内臓がかき混ぜられているみたいに苦しいよ…

 

 

私このまま、死んじゃうのかな…

 

 

 

 

 

 

嫌…嫌だよ…私、まだ…

 

 

助けて、助けて…

 

 

 

ドルマゲスさん………!

 

 

 

 

 

 

 

 

 

 

 

 

 

 

 

 

 

 

 

 

 

 

 

ああ 神様 私の人生はやっぱり“孤独”です

 

 

 

 

 

 

 

 

 

 

 

 

 

 

 

 

 

 

目覚めると、そこは暗い砂浜だった。ここ、どこだろう。

 

 

…そもそも私はなんでこんなところにいるの?

 

 

頭が痛い。身体の節々も…

 

 

夜の闇に目が慣れてきた私は辺りを見回した。私の服、靴、荷物、砂、海、イカ。…イカ?

 

 

「おっ、生きてたか。」

 

 

私の目の前には大きな赤いイカの魔物がいた。

 

 

「ひっ…ま、魔物…!」

 

 

私はびっくりして、怖くて、思わず飛び退いたけど、魔物は私を襲うつもりはないみたいだった。

 

 

「まあそう怯えないでくれよ。俺はもう船や人を襲うような真似はしねぇさ。」

 

 

この魔物、人語を話せるの…?

私は警戒は続けながらも、とりあえず杖を握りしめる手の力は緩めた。

 

 

「…イカさん、ここはどこですか」

 

 

「い、イカさん?…ここは南の大陸だな。ニンゲンの決めた区分に従うならマイエラ地方ってところだ。」

 

 

魔物はここがマイエラ地方だと教えてくれた。

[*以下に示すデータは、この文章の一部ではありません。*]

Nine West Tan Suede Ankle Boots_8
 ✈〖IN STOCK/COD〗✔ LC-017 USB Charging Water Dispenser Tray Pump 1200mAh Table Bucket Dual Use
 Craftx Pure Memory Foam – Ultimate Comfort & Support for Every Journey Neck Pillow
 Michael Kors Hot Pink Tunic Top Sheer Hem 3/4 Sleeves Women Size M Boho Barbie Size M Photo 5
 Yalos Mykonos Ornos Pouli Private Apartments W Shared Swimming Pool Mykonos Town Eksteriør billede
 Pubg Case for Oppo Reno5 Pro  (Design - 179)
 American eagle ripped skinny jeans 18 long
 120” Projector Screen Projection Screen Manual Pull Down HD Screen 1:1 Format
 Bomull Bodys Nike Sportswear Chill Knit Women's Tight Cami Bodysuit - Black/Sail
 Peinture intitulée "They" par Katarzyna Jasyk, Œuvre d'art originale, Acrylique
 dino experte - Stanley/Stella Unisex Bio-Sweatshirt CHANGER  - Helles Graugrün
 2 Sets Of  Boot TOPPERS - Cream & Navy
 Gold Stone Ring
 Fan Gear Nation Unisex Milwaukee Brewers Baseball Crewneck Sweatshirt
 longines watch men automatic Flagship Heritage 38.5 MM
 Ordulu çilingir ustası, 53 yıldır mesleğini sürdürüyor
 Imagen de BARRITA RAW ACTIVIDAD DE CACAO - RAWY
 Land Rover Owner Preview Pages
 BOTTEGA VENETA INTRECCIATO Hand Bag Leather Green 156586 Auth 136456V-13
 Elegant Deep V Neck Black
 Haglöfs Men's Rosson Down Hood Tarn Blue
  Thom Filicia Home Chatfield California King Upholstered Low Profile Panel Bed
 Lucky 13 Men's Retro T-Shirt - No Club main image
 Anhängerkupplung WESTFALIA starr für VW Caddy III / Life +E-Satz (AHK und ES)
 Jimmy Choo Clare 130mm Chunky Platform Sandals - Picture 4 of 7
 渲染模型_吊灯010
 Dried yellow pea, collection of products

マイエラ地方ってトラペッタの町からかなり離れた…海を越えた先にある土地だったような…?

 

 

「それより質問をしたいのはこっちだ。嬢ちゃん、あんた海の真ん中でしかも血塗れで何やってたんだ?…身投げだったなら他所でやってくれよな。」

 

 

私が海に…?もしかしたら、この魔物は海を漂っていた私をここまで連れてきてくれたのかな?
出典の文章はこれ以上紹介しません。